As our paper demonstrates, the calculation of the SCC is less science than alchemy. It is also – like much of cost-benefit analysis – a very strange way of making decisions. Cost-benefit analysis sounds like common sense: weigh the costs of an action against the benefits. A good policy will have net benefits; a bad policy, net costs. Simple.

Well, actually, no, not so simple. There are (at least) three big problems:

Problem #1: When it comes to the greenhouse gas emissions (and many other environmental issues) we can’t measure the costs and benefits with any accuracy. We’ve never filled the atmosphere with CO2 before. We’ve never tried to remove large quantities of CO2 from the atmosphere before. Some of the important consequences of climate change, such as the loss of human lives and risks of extinction of endangered species, simply don’t have meaningful prices (although economists have at times made up dollar values for them). And many of the costs of halting emissions and benefits of averting damages will occur well into the future. That’s a lot of uncertainty, which doesn’t tend to increase the accuracy of economic predictions.
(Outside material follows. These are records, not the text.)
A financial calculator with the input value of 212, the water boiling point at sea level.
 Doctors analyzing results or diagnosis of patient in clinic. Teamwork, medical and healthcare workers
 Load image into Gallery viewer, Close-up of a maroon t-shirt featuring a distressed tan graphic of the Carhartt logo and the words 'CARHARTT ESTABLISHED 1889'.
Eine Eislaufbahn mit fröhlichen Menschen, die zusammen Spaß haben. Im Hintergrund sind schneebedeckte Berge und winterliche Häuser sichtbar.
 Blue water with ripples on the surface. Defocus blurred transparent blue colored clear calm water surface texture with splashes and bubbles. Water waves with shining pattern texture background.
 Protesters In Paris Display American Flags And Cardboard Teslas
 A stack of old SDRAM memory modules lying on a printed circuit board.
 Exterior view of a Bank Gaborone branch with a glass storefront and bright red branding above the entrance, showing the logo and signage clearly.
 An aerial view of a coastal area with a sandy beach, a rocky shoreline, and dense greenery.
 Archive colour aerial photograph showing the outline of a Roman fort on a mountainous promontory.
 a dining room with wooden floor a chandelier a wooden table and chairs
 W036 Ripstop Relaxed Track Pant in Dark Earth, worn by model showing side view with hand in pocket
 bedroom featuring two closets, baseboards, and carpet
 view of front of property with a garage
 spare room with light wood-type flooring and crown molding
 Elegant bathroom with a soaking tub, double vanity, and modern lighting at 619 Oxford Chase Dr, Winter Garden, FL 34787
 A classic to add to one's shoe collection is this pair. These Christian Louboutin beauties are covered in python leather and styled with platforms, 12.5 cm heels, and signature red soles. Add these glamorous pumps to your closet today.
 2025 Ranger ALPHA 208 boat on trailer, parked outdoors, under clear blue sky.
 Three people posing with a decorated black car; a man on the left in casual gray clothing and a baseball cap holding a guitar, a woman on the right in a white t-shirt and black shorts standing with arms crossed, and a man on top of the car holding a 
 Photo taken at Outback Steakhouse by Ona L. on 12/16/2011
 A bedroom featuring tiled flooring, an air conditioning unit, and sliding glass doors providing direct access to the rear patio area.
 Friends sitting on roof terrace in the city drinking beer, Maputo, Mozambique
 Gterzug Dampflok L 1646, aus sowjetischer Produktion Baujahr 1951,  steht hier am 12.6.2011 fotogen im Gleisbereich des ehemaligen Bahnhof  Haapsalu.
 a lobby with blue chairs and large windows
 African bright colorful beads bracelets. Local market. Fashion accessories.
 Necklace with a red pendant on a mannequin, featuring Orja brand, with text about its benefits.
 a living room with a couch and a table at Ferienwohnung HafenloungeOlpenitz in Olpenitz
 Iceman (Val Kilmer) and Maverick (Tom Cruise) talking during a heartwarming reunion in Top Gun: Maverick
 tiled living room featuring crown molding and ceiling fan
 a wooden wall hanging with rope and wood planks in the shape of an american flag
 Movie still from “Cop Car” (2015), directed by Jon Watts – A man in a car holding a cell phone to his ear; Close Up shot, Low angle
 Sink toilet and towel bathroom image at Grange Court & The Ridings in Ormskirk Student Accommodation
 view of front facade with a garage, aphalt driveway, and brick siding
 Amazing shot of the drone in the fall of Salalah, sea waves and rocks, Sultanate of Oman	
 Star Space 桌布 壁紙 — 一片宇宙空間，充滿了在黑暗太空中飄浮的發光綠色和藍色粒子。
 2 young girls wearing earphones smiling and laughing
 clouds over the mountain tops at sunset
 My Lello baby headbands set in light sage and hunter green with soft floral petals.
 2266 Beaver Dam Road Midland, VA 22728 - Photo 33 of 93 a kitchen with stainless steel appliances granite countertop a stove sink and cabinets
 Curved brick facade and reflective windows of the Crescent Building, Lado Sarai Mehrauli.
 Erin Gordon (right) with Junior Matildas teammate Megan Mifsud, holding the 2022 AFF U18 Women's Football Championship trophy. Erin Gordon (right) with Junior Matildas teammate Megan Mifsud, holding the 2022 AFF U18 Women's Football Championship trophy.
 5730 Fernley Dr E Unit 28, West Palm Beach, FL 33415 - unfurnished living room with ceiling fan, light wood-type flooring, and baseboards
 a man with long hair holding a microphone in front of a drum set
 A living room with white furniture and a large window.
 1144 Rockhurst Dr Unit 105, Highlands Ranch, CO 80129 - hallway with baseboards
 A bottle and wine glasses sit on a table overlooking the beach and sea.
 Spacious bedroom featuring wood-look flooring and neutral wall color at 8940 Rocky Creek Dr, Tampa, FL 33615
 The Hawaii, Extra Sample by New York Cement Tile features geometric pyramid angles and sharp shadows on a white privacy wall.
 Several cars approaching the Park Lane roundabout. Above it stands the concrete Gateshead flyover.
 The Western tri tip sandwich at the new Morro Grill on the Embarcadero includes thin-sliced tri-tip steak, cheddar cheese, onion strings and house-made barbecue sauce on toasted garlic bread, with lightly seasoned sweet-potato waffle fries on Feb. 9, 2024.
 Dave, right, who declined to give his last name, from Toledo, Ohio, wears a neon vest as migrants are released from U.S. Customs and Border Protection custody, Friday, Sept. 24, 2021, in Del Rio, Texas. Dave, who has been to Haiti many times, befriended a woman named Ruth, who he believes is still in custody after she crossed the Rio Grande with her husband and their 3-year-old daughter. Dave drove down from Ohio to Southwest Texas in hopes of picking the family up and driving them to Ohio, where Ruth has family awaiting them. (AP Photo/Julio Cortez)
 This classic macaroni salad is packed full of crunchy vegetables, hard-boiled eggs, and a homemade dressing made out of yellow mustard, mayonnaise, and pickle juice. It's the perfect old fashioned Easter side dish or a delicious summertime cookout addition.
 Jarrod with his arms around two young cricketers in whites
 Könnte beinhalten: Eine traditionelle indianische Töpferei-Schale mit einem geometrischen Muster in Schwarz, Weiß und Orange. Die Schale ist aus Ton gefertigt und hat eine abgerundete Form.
Problem #2: Many of the costs and benefits will affect not us, but our great-grandchildren, and there is a fair amount of disagreement (a least among economists) about how to weigh these future impacts in the decisions we make today. Some (like me) say we should weigh all damages equally regardless of whether it is us or our descendants that suffer the costs. Others feel that future costs (and benefits) are worth far less than those that take place today.

Problem #3: While climate policy will benefit humanity as a whole, the costs of reducing emissions and the benefits of avoiding a climate catastrophe will impact different people differently. Most people will be net gainers from climate policy (more benefits than costs), but some will be net losers (more costs than benefits). This is true both across generations – future generations are the biggest net gainers from climate policy – and among the Earth’s population today. As a broad generalization, poorer people have more to gain from climate policy. The more one weighs the interests of the net losers compared with the net gainers, then, the less one will conclude that we should do to avert climate change.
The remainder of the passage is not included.